The Thrill of the Chase
I have always loved it.
In preschool, I publicly proclaimed my love for John Waterfall before he’d said a word to me.
In middle school (pre-email), I spent days drafting the perfect letter to mail—with a stamp and everything—to M., the tannest, richest, most popular girl in our grade. In it, I confessed how much I wanted to be friends with her and asked if we could maybe “have a playdate.” She took me aside in homeroom after she received it: “I got your letter. It was real good. And, yeah, we should hang out sometime.” We never did. But at least I had tried, would never have to wonder what if.
In high school, after being twice rejected, I asked out the boy who ‘took’ me to prom. Third time’s the charm.
In college, at the tailgate for the Harvard/Yale football game, I ran into an old fling—we drunk-flirted, and eventually I asked if I could kiss him. “That would be so nice,” he said, “but actually I’m dating someone right now.” Oh well.
After college, at a holiday party, I somehow persuaded a man—a real man, he was eight years older than I was at the time—to give me, well, not his number, but his email address. The next day, finally pressing “send” on a carefully-crafted message asking him out for a drink, I could feel my heart beating into the soles of my feet.
In grad school, I pursued a few men, who did not become my husband, while the man who would pursued me—but passively enough I could feel it had been my decision to date him when I finally capitulated.
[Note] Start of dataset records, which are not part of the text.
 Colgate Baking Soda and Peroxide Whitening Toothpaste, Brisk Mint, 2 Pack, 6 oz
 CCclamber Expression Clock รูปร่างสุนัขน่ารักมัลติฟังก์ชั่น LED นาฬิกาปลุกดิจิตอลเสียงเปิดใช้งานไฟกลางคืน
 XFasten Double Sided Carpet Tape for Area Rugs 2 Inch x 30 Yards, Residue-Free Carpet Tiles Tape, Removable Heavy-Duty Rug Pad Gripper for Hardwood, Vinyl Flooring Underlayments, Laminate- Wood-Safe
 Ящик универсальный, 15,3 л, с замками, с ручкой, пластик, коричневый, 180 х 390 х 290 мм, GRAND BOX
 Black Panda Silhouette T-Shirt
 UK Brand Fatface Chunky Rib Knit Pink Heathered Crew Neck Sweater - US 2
A few months later, I proposed.
Growing up, I had elaborate daydreams in which my latest crush wooed and pursued me—and yet, even then, being pursued turned me off. I wanted to be the one in control, the one holding the reins. The subject, not the object.
Whenever I’m called upon to give love-life advice, I always say something that amounts to—just say it, don’t beat around the bush, you’ll never know if you don’t ask. In theory, it is this final point—you’ll never know if you don’t ask—that historically prompted me to act (or text). I am always looking back and tormenting myself with what if?
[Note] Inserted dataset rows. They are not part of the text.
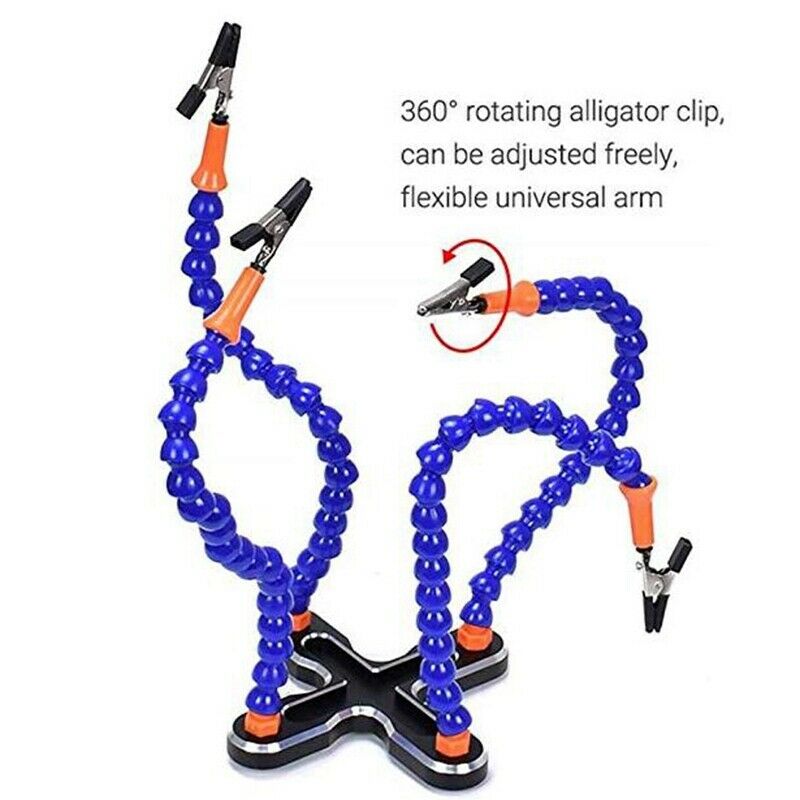 Diy Soldering Third Hand 4Pc Flexible Arms Welding Helping Stand Repair Hol B5O6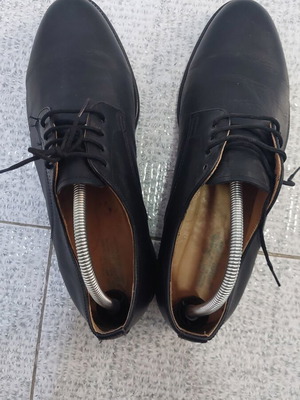 Leather military shoes size 45, classic style, black, like new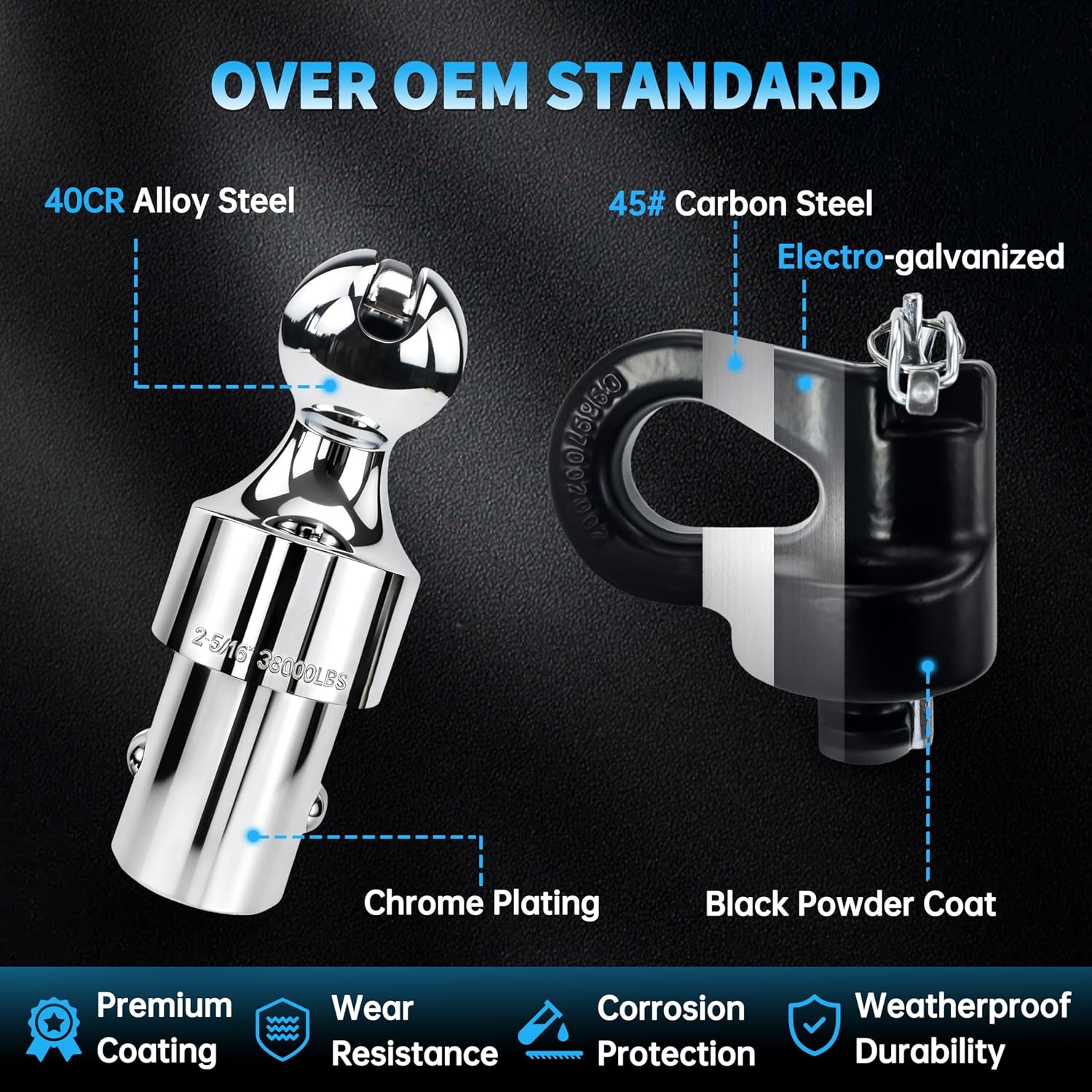 60692, Upgraded 38k 2-5/16 Inch Ball Puck System Gooseneck Hitch Kit with Case Compatible with Ford F250/F350/F450, Chevrolet Silverado 2500/3500 HD, GMC Sierra 2500/3500 HD & Nissan Titan XD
In practice, it is the physical thrill that brought me back, again and again: the sudden throb of pride in my own daring followed by a nervous shiver then the constant thrum of anticipation—a tingling that keeps me awake late and gets me up early, that makes the day newer, better than the one before, crisp as a sheet of shiny, blank fax paper. What will the answer be? The mind holds the question in one corner while going about its daily chores made undaily by its secret presence. That pleasurable pain of not-yet--knowing, of living in the space between yes and no, your question waiting, aquiver, in space.